№5, 2008/Теория и проблематика

Кровавый карнавал. «Поэмы в прозе» 1920-х годов: поэтика и семантика

Многолетний опыт литературного процесса свидетельствует, что обычно после расцвета лирики и на основе накопленного ею опыта актуализируется жанр поэмы: порой восстанавливаются старые типологические ее разновидности, обязательно-с обновлением и осовремениванием традиционных форм, а еще чаще ведется поиск новых, ранее неведомых типологических вариантов жанра. Это означает, что художественное сознание начинает искать новые связи между миром субъективных переживаний личности и объективными процессами в окружающей действительности. Нечто подобное происходит в русской прозе начала 1920-х годов.

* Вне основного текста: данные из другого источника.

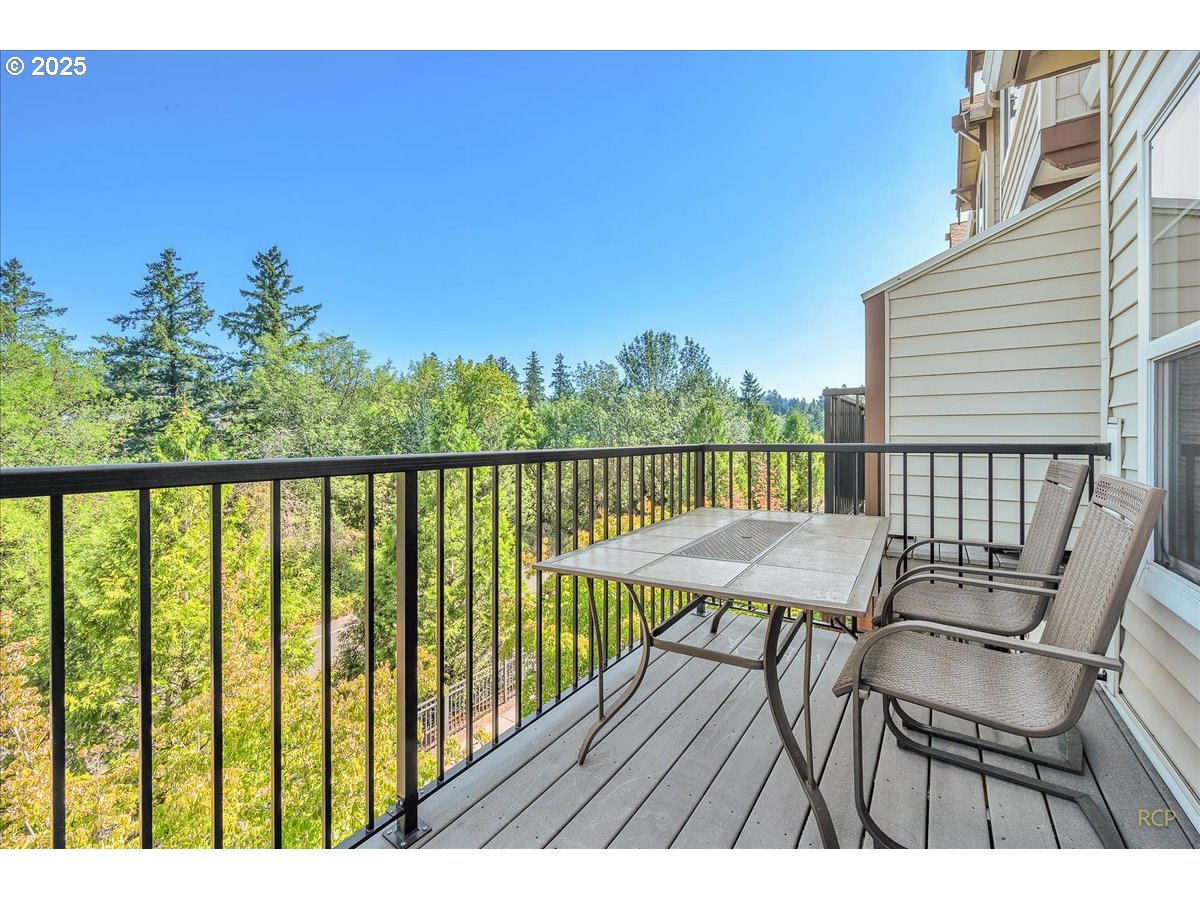 794 Northwest 118th Avenue, Unit 101 Portland, OR 97229 - Photo 19 of 41 a view of a balcony with wooden floor and outdoor seating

Но поиски поэмной «формы времени», адекватной «идеям времени», приобрели парадоксальный характер. Та разновидность поэмы, в изводе которой стоят «Двенадцать» Блока, была непосредственным отзвуком революции, вся ее поэтика была оркестрована громами и взрывами, которые Блок принял за «музыку революции», ее пафос был заряжен верой во всемирный характер переворота, начатого Россией. Отсюда «господство общего плана», плакатность и гиперболизм образов, носящих символический характер, аллегоричность картин и эпизодов, патетический модус речи повествователя, где живое слово заменено риторикой общих формул – лозунгов, призывов, плакатов. Героико-романтические поэмы, в немалом числе сотворенные в 1918 – 1921-х годах, были художественно слабы, они были точно переименованы в «агитпоэмы» и не оставили заметного следа в художественной культуре1,.. К ним в полной мере относятся упреки, которые А. Воронский адресовал всей «нашей молодке-литературе, стоящей на почве революции: схематизм, узкое направленство, вырождающееся в холостые агитписания…»2.

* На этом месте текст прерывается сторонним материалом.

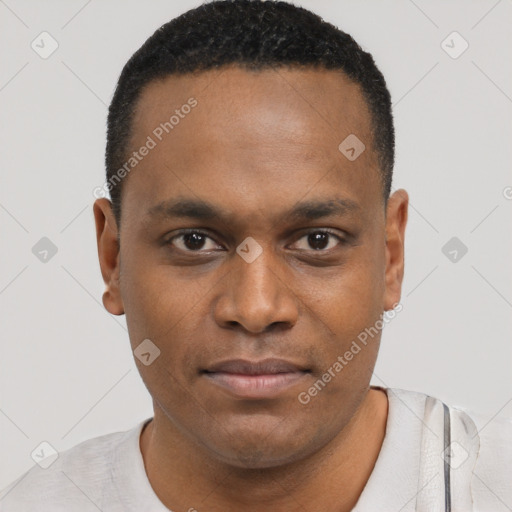 Joyful black young-adult male with short  brown hair and brown eyes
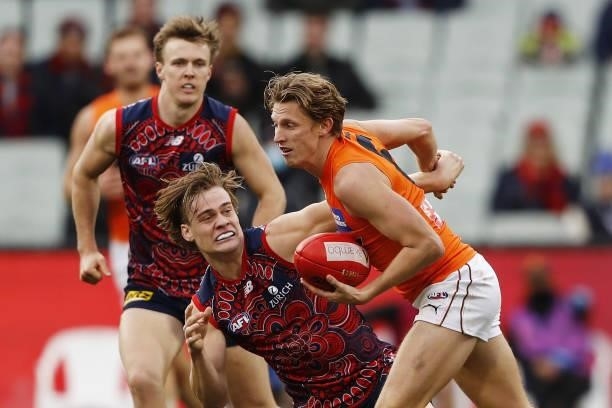 Lachie Whitfield of the Giants is tackled by Trent Rivers of the Demons during the 2021 AFL Round 16 match between the Melbourne Demons and the GWS...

Но в «запасниках» русской литературы хранилась память и о других разновидностях жанра: ближняя память – о лиро-эпической поэме, которая сформировалась в эпоху романтизма, дальняя память – об эпической поэме, или героической эпопее, корни которой уходят в глубину веков. Однако семантика формы лиро-эпической поэмы прежде всего ориентировала на постижение внутреннего мира личности, переживающей острый конфликт между духовными идеалами и низкой реальностью. В начале 1920-х годов такая семантика была неактуальной, можно сказать – пока еще неактуальной, но факт очевиден – лиро-эпическая поэма романтического склада не стала «формой времени». Зато эстетическое сознание буквально востребовало форм героического эпоса. Об этом говорили поэты. «Современность эпопейна. Действительность – героическая поэма о многих песнях»3. – писал в 1922 году Андрей Белый, поэт, в чьей искренности сомневаться невозможно.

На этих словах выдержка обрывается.